The wife of a man who fell to his death at a high-ropes adventure course believes regulation of the outdoor adventure industry may be needed.
Clifford Paul Brabet, 57, fell almost 14m while taking part in a team-building day at Tree Adventures in the Woodhill Forest near Auckland last March.
Tree Adventures, the firm responsible for the course, was yesterday fined $24,500 and ordered to pay Mr Brabet's family $80,000 reparation.
A wire to which Mr Brabet was connected became unattached and he fell to his death just days before the company was to change its procedures, a move that would have saved him.
In the Waitakere District Court, Tree Adventures was sentenced on one charge of breaching the Health and Safety in Employment Act by failing to take all steps to ensure a hazard didn't harm Mr Brabet.
The company had pleaded guilty.
Mr Brabet's wife, Elizabeth Feyter, was also doing the course that day and saw what happened to her husband. She said she would like to see steps put in place so no other family suffered a similar tragedy.
"We are a great outdoor-pursuits nation and we hear about hot air ballooning and all these other outdoorsy accidents happening, and I don't know what sorts of things they've got in place," Ms Feyter said.
"I'd like some sort of regulation if that's what it takes ...
"At the end of the day I do hope something good happens out of it, something positive," she said.
"It can't happen again. I don't understand why it hasn't happened before because they weren't using the equipment as per the manufacturer's instructions. Does a normal man in the street know that when they go into the park?"
Ms Feyter said Tree Adventures gave an induction, but she wondered what people about to attempt an adventure course could do if what they were told was wrong.
Judge Jane Farish told the court Ms Feyter suffered significant psychological, financial and emotional impacts from Mr Brabet's death.

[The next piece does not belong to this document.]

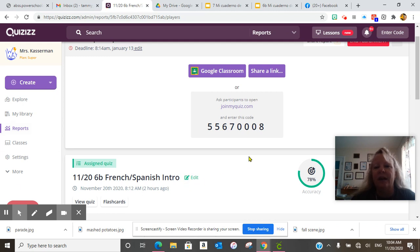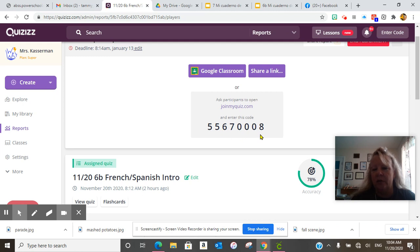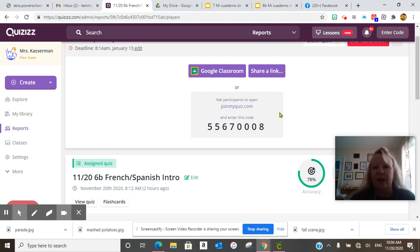If you cannot get there through Canvas, go to joinmyquiz.com and enter this code. Pause here so you can see joinmyquiz.com and enter that code.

"The devastating loss was exacerbated by her witnessing the very tragic events of March 3," the judge said. "She said she lost a friend, companion, father figure and husband".
The company's lawyer, Peter Hunt, said Tree Adventures regretted what happened and had since taken a "responsible approach" and invested in safer systems. It closed the park for a month after Mr Brabet's death and co-operated with investigators.

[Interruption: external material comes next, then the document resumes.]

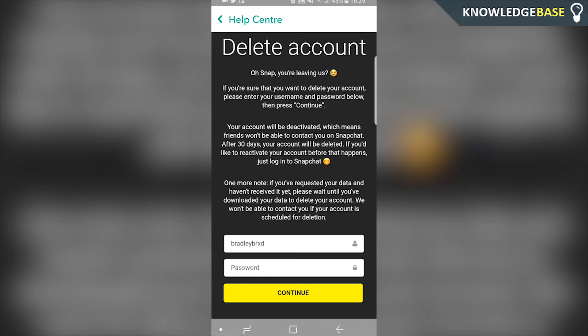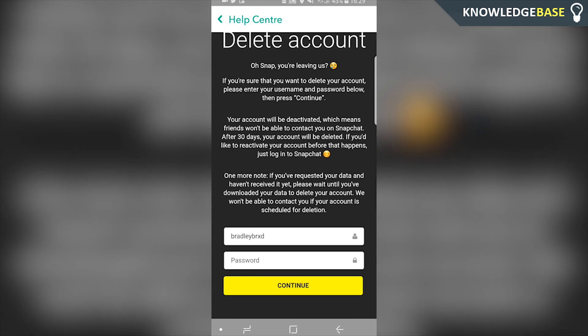If you do want your account back within that time frame, you can just re-log in like usual and you'll get your account back. All you have to do is enter your password, click continue, and Snapchat will deactivate your account. Within 30 days, if you don't re-log in, your account will then be permanently deleted.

However, the business was now struggling. "It's trading in a deficit and it's really just getting by."
The judge said that was understandable following what happened, but it had now reached the "gold standard" in safety.

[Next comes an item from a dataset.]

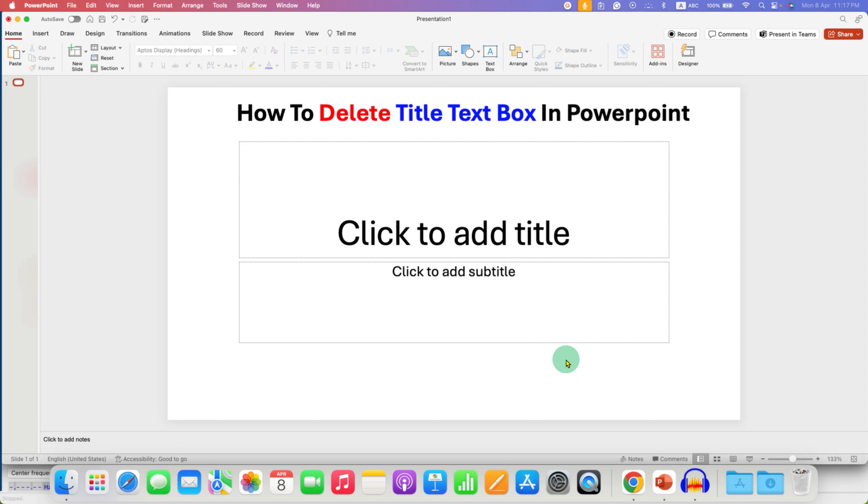In this video, you will see how to delete title text box in PowerPoint.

Mr Brabet grew up in Auckland and worked as a computer and IT network administrator.
His death came two days before his 58th birthday. Outside court, company representatives handed a statement to media.
"Firstly I would like to reiterate that throughout this entire investigation process our heartfelt condolences and thoughts have continued to be with Mr Brabet's family and friends. We hope that the resolution of this investigation can offer them some small closure," the statement said.
The company had always regarded the safety of visitors as its "number one priority" and since Mr Brabet's death it had introduced equipment called "Clic-it".